Koltuğa yapıştın

BEŞİKTAŞ-Kayserispor maçı bitiyor, Kayseri Belediye Başkanı Özhaseki "Ne olursunuz, bana mikrofonları uzatmayın. Ağzımdan çok kötü şeyler çıkabilir. Lütfen zorlamayın. Konuşmak istemiyorum" diyor.

Pazar akşamı G.Saray- Bursaspor maçından sonra Bursaspor Başkanı Levent Kızıl, Lig TV kamerasına enteresan şeyler söylüyor...

Adana’dan ismime bir zarf geldi. İçinde gazete küpürleri ve iki tane kaset vardı. Küpürleri okudum ama kasetleri izleyemedim. Konu, Şanlıurfa-Adana Demirspor maçı. Adana DS Kulübü Başkanı beyanat vererek, "Haluk Ulusoy’a oy vermediğimiz için bunlar başımıza geliyor" diyor. Şanlıurfa-Adana DS maçının ne olduğu önemli değil. Hakem haklı veya haksız. Beşiktaş- Kayseri ile G.Saray- Bursa maçlarında da hakem hataları oldu. O da benim için önemli değil... Bursa İstanbul’da Beşiktaş ile oynuyor. Şeref Tribünü’nde Futbol Federasyonu üyesiyle Bursa başkanı herkesin gözünün önünde ağız dalaşı yapıyorlar, hem de küfürlü.

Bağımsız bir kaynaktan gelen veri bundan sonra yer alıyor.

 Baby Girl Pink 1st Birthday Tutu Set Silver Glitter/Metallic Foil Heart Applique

Şeref Tribünü’nde yumruklar konuştu

İzmir’de Ankaragücü-Fenerbahçe ile oynuyor. Şerefli insanların oturduğu, eski Şeref Tribünü, yeni adıyla protokol tribününde önce küfürler, sonra yumruklar konuşuyor. Benim için bunlar da önemli değil. Bakınız yukarıda verdiğim anektotlar çok yakın zamandan. Ve bunlar gittikçe de artıyor. Bu olayların tek bir nedeni var, güvensizlik.

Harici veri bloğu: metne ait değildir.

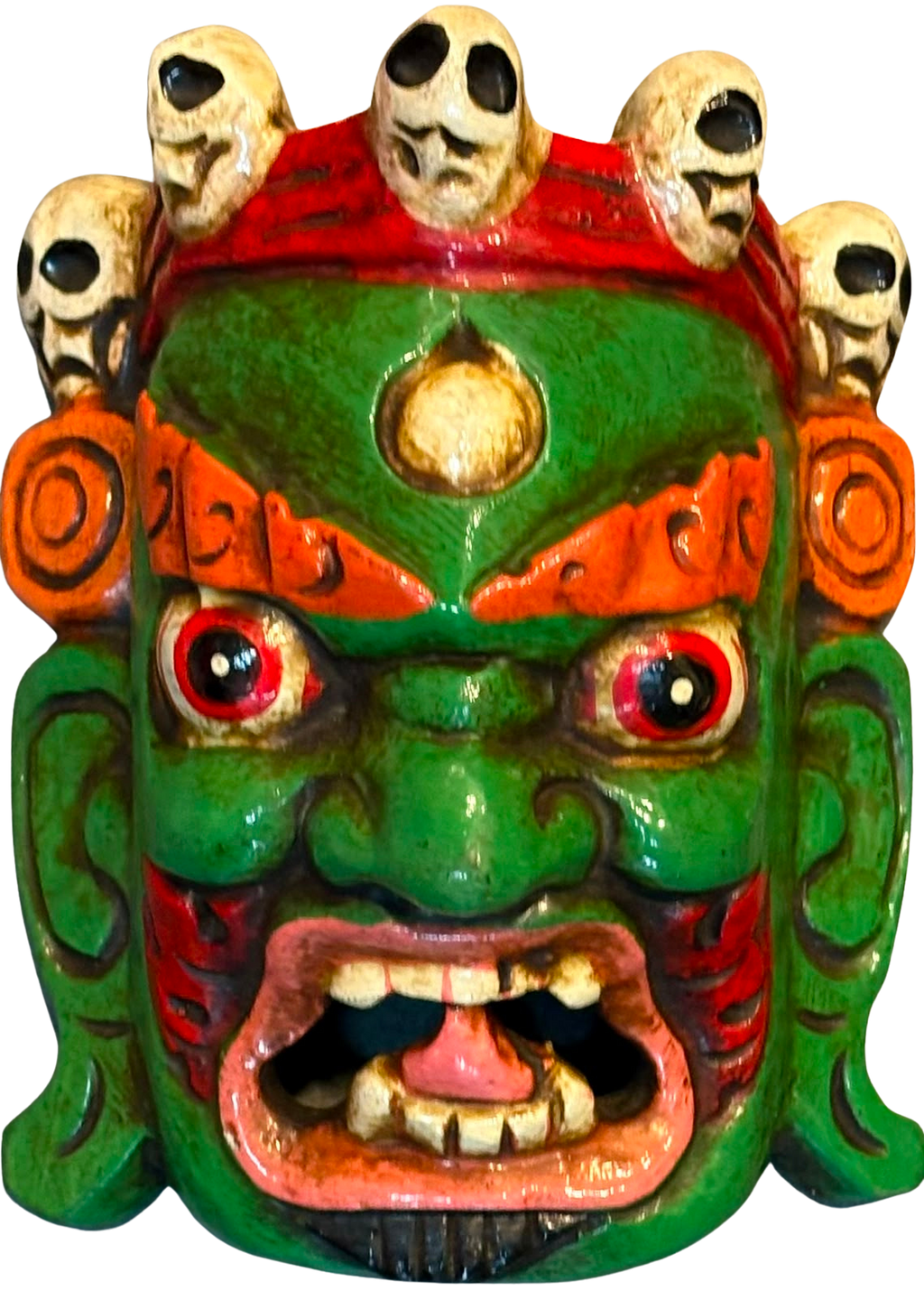 The Green Five-Skull Mahakala in Himalayan Buddhist Tradition Mask by Kandoika Thumbnail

Ey Haluk Ulusoy... Futbol Federasyonu Başkanlığı yaptığın dönemde Milli Takım dünya üçüncüsü oldu. Avrupa kupaları’na gittik. Saha başarıların var. Hepsine kabulüm... Ama senin olduğun dönemlerde futbol, hem de özerk olmasına rağmen çok parayla rahat çalışmana rağmen ahlak açısından devamlı irtifa kaybetti. Futbol Federasyonu Başkanı olurken Alaattin Çakıcı istediği diye kurban kesmen, adı mafya işlerinde geçen şahıs ve sahısların sık sık federasyona gelip oturmaları. Bunlardan biri de Ali Fevzi Bir, Sadık İlhan var yanlarında. Adı sıkça geçmişti. Ve bu şahıs demişti ki bu işlerin altından birşey çıkmaz. Nitekim de öyle olmuştu. Hakemlerin yaptığı kadın veya para karşılığı şike iddiaları. Küme düşmelerde ve şampiyonluklarda televizyonlarda görülmelerine rağmen üzerine gidilmeyen maçlar.

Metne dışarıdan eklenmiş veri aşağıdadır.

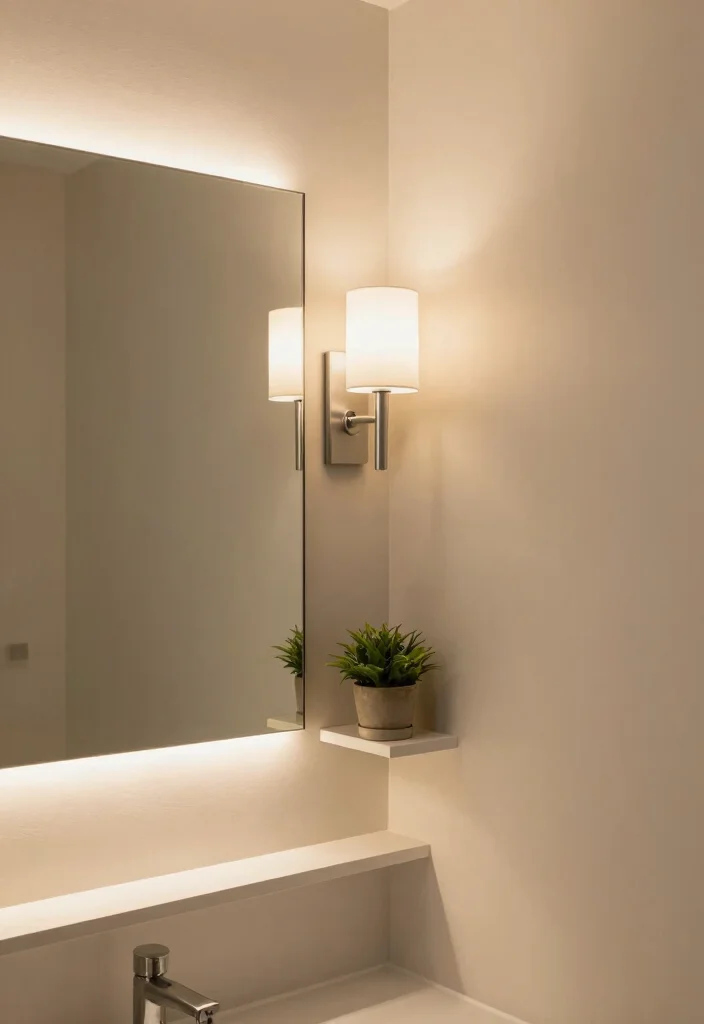 10 Simple Small Bathroom Ideas with Clean Functional Design 10. Smart Lighting Solutions 0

Bazı kulüp başkanlarının yer zaman bildirerek şike tekliflerinde bulunanlara karşılık kapalı devre soruşturmalarla dosyaların kapanması. Hakem tayinleri, olaylı ve küfürlü maçlarda doğru raporlar yazılmaması, hatta bazılarına müdahale edilmesi gibi iddialar.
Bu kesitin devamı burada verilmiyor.